The OPIC study, which was funded as part of an international research initiative between the Wellcome Trust in the UK, the HRC and its Australian sister body NH&MRC, showed that obesity levels are increasing in New Zealand; and that watching television, drinking sugary drinks and not eating breakfast are the main reasons for childhood obesity.

This and other leading Pacific health research will be showcased at the training course as an example of intervention-based research that will improve the health status of Pacific peoples.

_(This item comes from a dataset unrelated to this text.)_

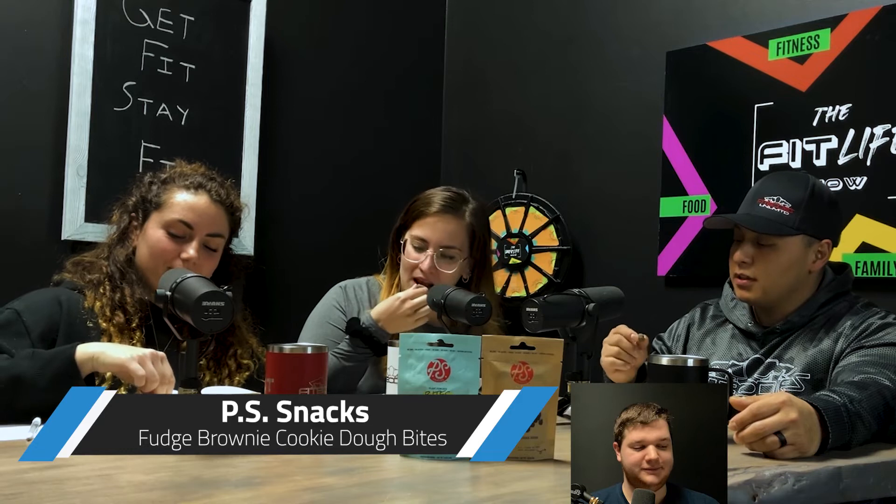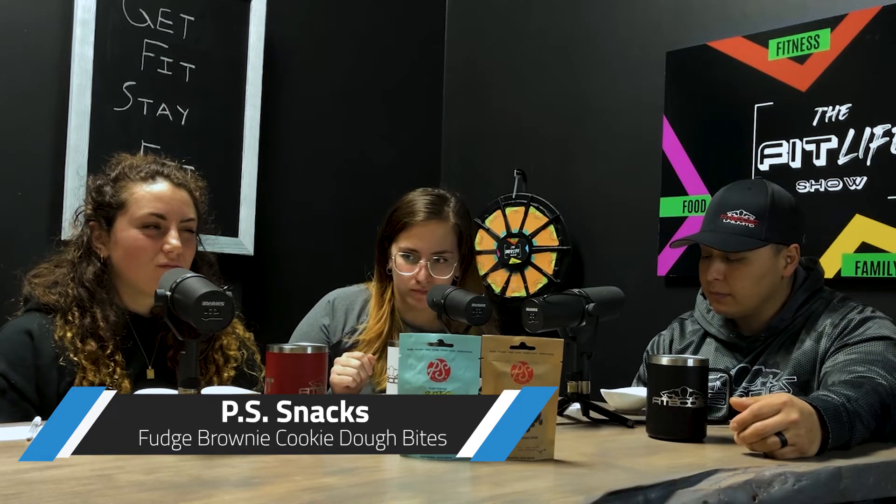The next one is fudge brownie cookie dough. It's chalky — it literally takes a while for the flavor to settle in before you even get a taste of anything. The aftertaste is good because that's when you really get it. But if you're looking for that instant boom hit when you get it — no. Better to have a handful of them. At this point, let's just have a handful of the real thing.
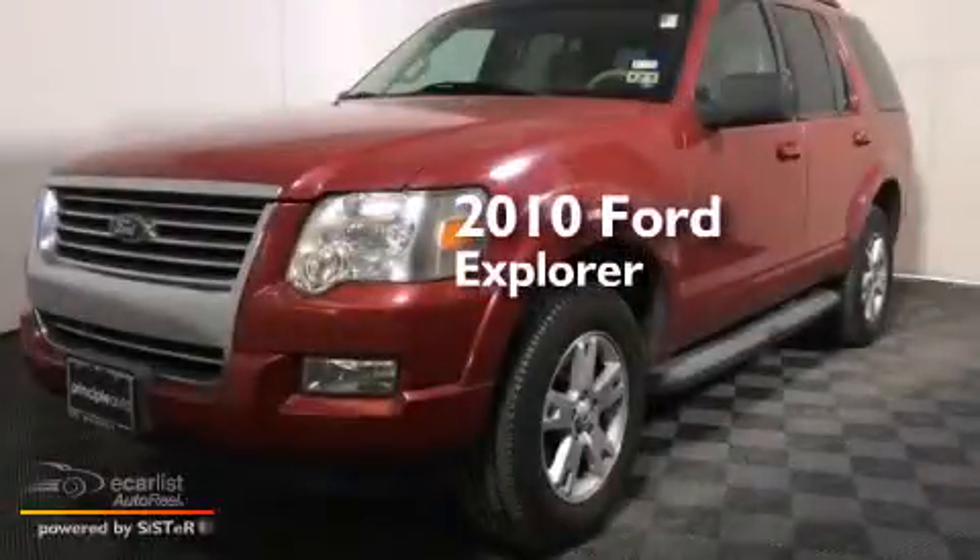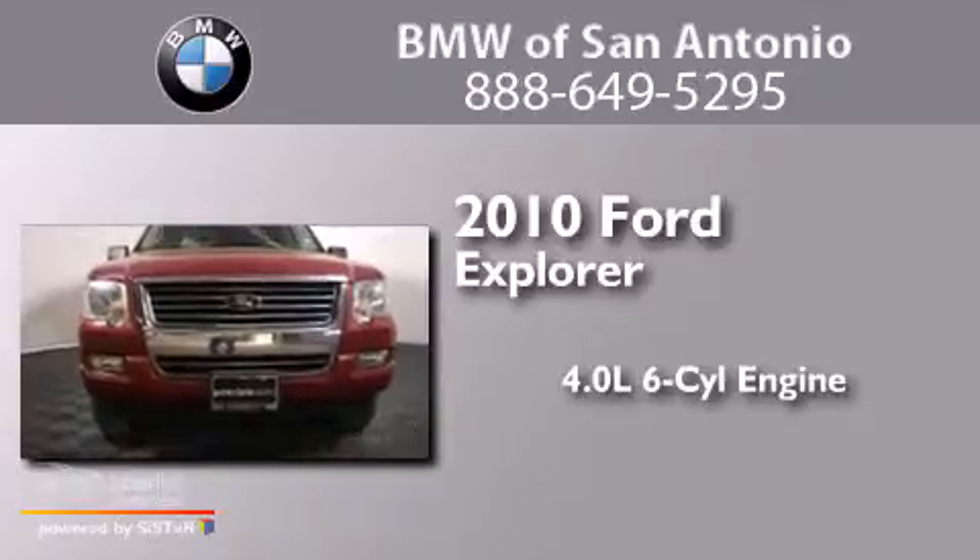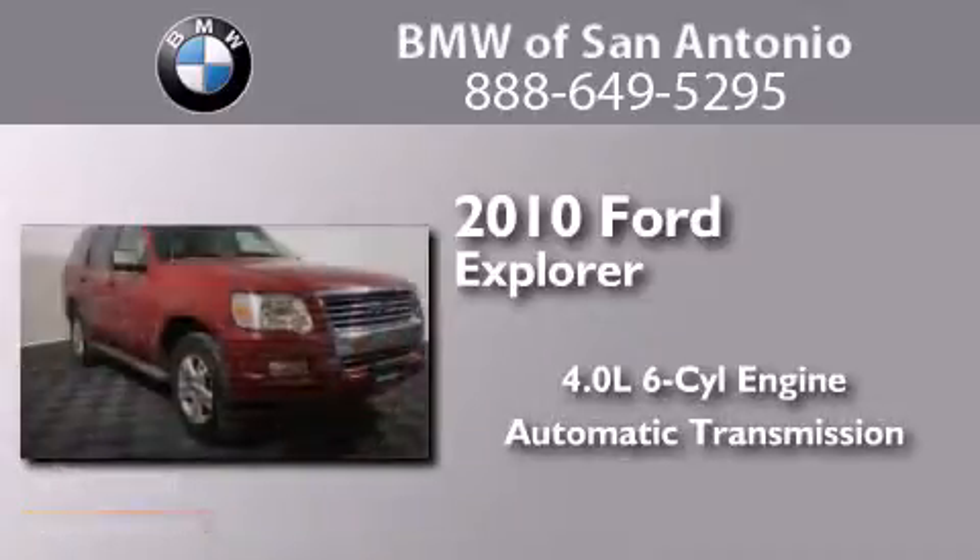This is a 2010 Ford Explorer. It features a 4.0 liter 6-cylinder engine and an automatic transmission.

It is hoped that through demonstrating effective research methods and passing on this knowledge to researchers from other Pacific nations, research capacity and capability in the Pacific can be improved to produce better health outcomes.

HRC Chief Executive Dr Bruce Scoggins says he is delighted that New Zealand can help out other nations in the Pacific so that we might improve human health on an international level. "Opportunities exist for developed countries like New Zealand to assist those countries trying to build their capability to conduct quality health research," says Dr Scoggins.

"Bringing together participants from ten nations to discuss Pacific health research methods is also an important step in fostering future research collaborations in the Pacific."

An official welcoming and keynote speech by Hon Luamanuvao Winne Laban will open the event on Monday 30 May at 10.30am. The course runs for eight days from Monday 30 May until 8 June at the Waipuna Hotel, and is followed by the Pacific Health Research Fono on 9 and 10 June at the Langham Hotel in Auckland.